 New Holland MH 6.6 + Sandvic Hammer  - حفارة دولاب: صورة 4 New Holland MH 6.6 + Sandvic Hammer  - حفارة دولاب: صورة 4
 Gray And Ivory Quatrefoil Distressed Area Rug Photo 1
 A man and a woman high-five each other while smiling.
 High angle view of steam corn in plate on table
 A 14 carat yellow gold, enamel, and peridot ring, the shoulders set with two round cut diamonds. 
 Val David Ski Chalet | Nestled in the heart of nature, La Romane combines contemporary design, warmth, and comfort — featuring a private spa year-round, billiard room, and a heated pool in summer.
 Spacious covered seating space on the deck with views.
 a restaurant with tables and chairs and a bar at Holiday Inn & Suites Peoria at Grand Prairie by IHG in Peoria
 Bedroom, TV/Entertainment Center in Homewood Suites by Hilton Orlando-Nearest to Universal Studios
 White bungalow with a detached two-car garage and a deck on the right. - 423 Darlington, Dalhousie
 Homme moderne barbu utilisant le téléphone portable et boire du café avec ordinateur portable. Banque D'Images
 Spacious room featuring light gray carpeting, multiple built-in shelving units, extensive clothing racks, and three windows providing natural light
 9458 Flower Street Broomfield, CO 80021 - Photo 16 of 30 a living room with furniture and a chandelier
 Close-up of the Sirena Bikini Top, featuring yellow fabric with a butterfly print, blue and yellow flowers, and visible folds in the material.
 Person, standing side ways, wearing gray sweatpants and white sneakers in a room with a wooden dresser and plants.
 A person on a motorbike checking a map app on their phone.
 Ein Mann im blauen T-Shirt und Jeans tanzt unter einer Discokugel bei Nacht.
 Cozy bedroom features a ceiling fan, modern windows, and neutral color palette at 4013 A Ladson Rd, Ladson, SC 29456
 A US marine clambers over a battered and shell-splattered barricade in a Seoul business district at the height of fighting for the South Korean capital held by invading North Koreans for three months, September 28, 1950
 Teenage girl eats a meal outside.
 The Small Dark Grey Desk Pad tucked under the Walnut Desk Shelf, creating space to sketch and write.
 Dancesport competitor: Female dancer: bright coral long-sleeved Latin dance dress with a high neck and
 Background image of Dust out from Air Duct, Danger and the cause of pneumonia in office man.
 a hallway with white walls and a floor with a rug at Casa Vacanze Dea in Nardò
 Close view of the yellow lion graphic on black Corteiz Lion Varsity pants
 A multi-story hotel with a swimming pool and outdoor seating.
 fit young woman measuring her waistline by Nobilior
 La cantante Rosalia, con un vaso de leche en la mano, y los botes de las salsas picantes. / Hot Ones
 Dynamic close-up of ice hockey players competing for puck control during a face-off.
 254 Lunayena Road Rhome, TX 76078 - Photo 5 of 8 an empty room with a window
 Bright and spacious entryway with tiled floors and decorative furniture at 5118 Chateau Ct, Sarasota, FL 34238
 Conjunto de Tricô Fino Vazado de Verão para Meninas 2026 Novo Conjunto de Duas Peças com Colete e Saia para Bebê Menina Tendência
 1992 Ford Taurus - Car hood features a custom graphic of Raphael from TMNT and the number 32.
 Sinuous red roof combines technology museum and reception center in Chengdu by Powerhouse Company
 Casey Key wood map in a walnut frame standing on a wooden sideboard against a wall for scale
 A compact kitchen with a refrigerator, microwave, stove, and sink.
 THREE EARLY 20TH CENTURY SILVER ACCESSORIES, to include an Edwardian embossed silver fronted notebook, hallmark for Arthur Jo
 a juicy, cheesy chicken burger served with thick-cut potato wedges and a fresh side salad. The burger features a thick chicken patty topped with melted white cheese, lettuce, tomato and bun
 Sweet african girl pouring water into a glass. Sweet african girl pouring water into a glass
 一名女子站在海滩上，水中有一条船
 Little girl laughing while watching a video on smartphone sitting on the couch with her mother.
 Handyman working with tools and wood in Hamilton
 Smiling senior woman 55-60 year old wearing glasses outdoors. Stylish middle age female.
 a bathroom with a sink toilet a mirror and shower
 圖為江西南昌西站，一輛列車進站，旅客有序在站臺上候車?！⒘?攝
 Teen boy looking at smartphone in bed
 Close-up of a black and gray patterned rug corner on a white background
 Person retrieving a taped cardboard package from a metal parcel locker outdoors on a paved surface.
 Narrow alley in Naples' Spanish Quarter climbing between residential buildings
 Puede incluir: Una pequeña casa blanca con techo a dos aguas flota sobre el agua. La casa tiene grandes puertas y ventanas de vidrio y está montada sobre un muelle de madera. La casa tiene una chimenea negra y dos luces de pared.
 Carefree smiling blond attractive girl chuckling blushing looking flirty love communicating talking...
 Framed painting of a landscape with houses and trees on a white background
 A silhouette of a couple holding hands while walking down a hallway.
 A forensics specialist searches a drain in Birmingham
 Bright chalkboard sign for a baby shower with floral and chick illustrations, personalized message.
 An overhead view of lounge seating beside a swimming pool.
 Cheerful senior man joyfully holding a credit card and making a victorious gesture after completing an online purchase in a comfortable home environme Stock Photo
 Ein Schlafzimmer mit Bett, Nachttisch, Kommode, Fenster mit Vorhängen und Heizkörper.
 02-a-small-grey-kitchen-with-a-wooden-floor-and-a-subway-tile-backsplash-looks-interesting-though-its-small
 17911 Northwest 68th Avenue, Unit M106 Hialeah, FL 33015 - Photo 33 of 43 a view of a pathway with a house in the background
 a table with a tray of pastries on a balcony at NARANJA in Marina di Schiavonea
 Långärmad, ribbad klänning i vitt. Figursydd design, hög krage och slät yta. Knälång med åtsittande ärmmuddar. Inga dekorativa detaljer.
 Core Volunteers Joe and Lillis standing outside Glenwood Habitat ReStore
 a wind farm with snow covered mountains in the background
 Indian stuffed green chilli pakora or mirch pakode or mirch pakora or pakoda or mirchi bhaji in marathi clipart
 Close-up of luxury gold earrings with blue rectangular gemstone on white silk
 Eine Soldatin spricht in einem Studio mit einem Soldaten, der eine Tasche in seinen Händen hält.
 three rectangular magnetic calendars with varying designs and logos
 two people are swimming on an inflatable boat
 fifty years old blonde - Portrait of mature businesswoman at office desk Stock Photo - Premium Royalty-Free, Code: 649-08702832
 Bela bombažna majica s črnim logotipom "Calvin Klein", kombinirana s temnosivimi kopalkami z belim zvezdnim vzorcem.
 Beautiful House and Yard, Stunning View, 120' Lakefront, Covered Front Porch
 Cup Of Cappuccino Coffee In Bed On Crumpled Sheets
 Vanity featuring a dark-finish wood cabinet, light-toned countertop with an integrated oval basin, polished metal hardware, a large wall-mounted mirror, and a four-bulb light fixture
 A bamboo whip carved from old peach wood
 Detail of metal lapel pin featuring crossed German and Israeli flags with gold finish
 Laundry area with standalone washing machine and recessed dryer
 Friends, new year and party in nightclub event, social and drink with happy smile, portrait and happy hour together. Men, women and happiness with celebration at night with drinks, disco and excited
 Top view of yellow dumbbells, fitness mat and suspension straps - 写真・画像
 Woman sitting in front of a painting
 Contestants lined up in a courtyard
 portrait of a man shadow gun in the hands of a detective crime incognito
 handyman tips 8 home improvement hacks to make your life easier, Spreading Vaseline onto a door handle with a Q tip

**Problem description**
Every line in the data above that contains the word "furniture" should be copied.

**Answer to this exercise**
 9458 Flower Street Broomfield, CO 80021 - Photo 16 of 30 a living room with furniture and a chandelier
 Bright and spacious entryway with tiled floors and decorative furniture at 5118 Chateau Ct, Sarasota, FL 34238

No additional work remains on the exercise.